▶ SUPPLIED DATA:
══════

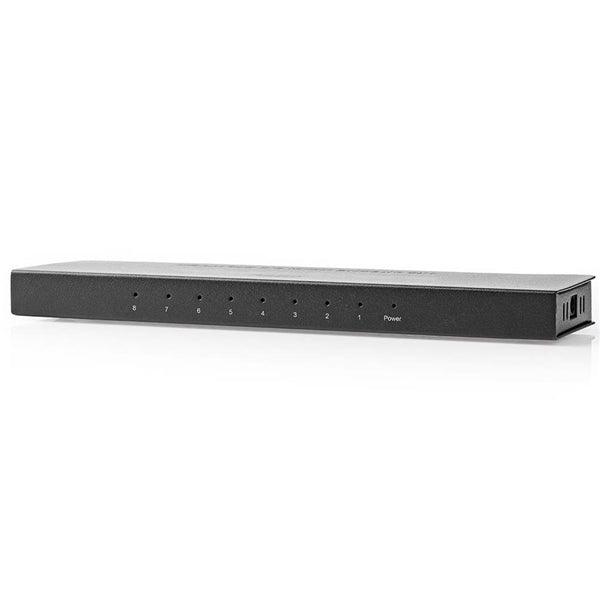 HDMI Splitter | 8-Port port(s) | HDMI Eingang | 8x HDMI Ausgang | 4K@60Hz | 18 Gbps | Metall | Anthrazit - handy.ch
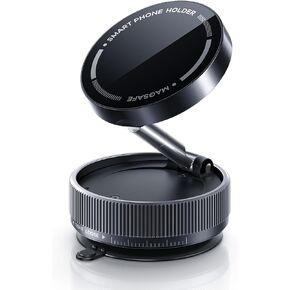 Magnetic Phone Holder,360° Rotation Adjustable Vacuum Suction Phone Mount,Car Phone Mount for Smooth Surface/Mirrior/Car,Cell Phone Holder for All Smartphone ﻿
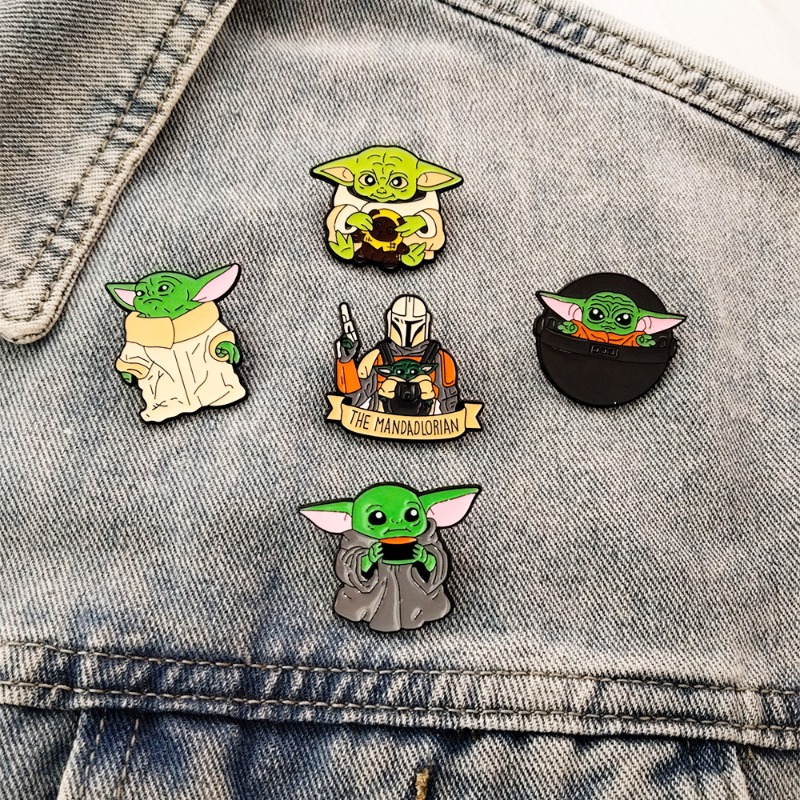 Travel Accessories Cute - 5 broches de dibujos animados de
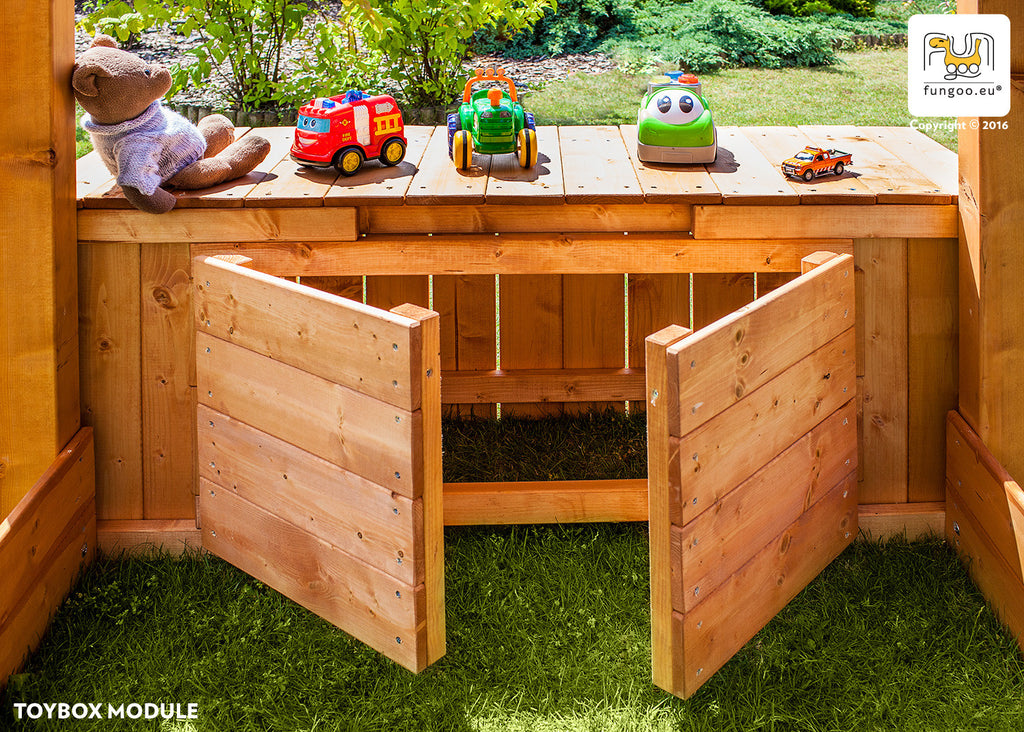 Fungoo leikkikeskusten lisäosa Toybox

══════

▶ BRIEF:
Could the material above be given again exactly, pictures excluded?

▶ ANSWER TO THIS PROBLEM:
 HDMI Splitter | 8-Port port(s) | HDMI Eingang | 8x HDMI Ausgang | 4K@60Hz | 18 Gbps | Metall | Anthrazit - handy.ch
 Magnetic Phone Holder,360° Rotation Adjustable Vacuum Suction Phone Mount,Car Phone Mount for Smooth Surface/Mirrior/Car,Cell Phone Holder for All Smartphone ﻿
 Travel Accessories Cute - 5 broches de dibujos animados de
 Fungoo leikkikeskusten lisäosa Toybox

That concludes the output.